Comme l'alcoolisme et l'héroïnomanie, cette pathologie touche davantage les hommes que les femmes. "Le rôle ou l'attrait de l'argent est souvent quelque chose de très masculin", avance l'addictologue.
"Un joueur d'argent est dans une maladie addictive, c'est-à-dire qu'en fait il cherche la solution de son problème dans le problème", explique-t-il encore. "Il joue pour se refaire, c'est une espèce de fuite en avant".
Un traitement est possible mais d'abord, "il faut que la personne ait envie de se soigner". "Comme les problèmes d'alcool, comme les problèmes de drogue, si la personne n'a pas conscience de son problème et ne veut pas s'arrêter, on ne peut quasiment rien faire pour elle", note le Dr Matysiak.

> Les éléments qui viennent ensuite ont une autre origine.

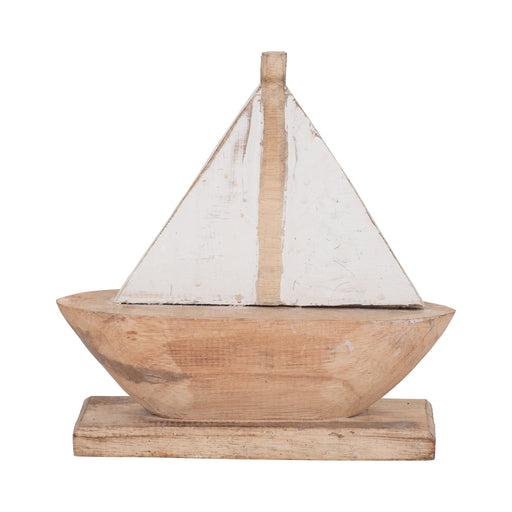 wood-11-sailboat-natural-white-1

Une fois que le ludopathe demande de l'aide, des médicaments peuvent lui être prescrits, si besoin est. "La plupart des gens qui sont dans une conduite addictive sont un peu déprimés" et certains antidépresseurs "peuvent aider à atténuer les tendances compulsives".
"Et puis, si la personne est désemparée, n'arrive pas à s'arrêter, on peut même en arriver jusqu'à l'hospitalisation, un peu comme un sevrage pour un toxicomane", relève l'addictologue en insistant sur l'importance de la seconde phase du traitement, la psychothérapie.

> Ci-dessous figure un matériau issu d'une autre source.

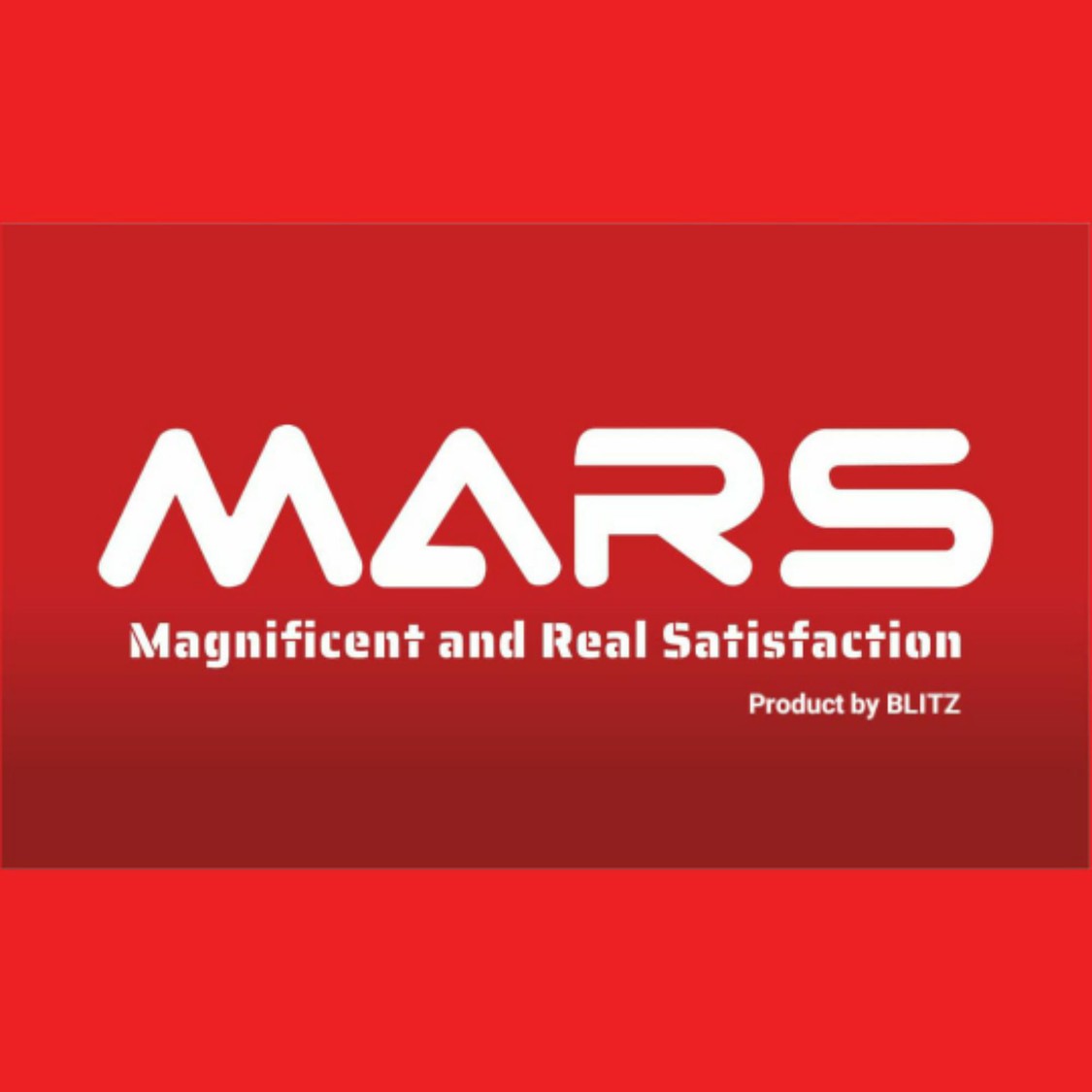 Mars official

"Il s'agit bien sûr de comprendre pourquoi la personne s'est engagée dans le jeu (...) pour qu'elle puisse s'en sortir mais surtout ne reproduise pas ses difficultés dans une autre addiction, c'est-à-dire qu'elle arrête de jouer et qu'elle devienne alcoolique par exemple. Ca, c'est un risque", prévient-il.
Il faut surtout que la personne reconnaisse qu'elle a un "rapport particulier" avec le jeu et "que ce rapport particulier existera toujours". "Le danger, pour les alcooliques comme pour les joueurs, c'est qu'au bout d'un certain temps d'abstinence, ils essaient de se prouver à eux-mêmes qu'ils sont plus forts" que leur abstinence et replongent. Pour le Dr Matysiak, "c'est un piège". AP
(source : yahoo.com/cb/mw)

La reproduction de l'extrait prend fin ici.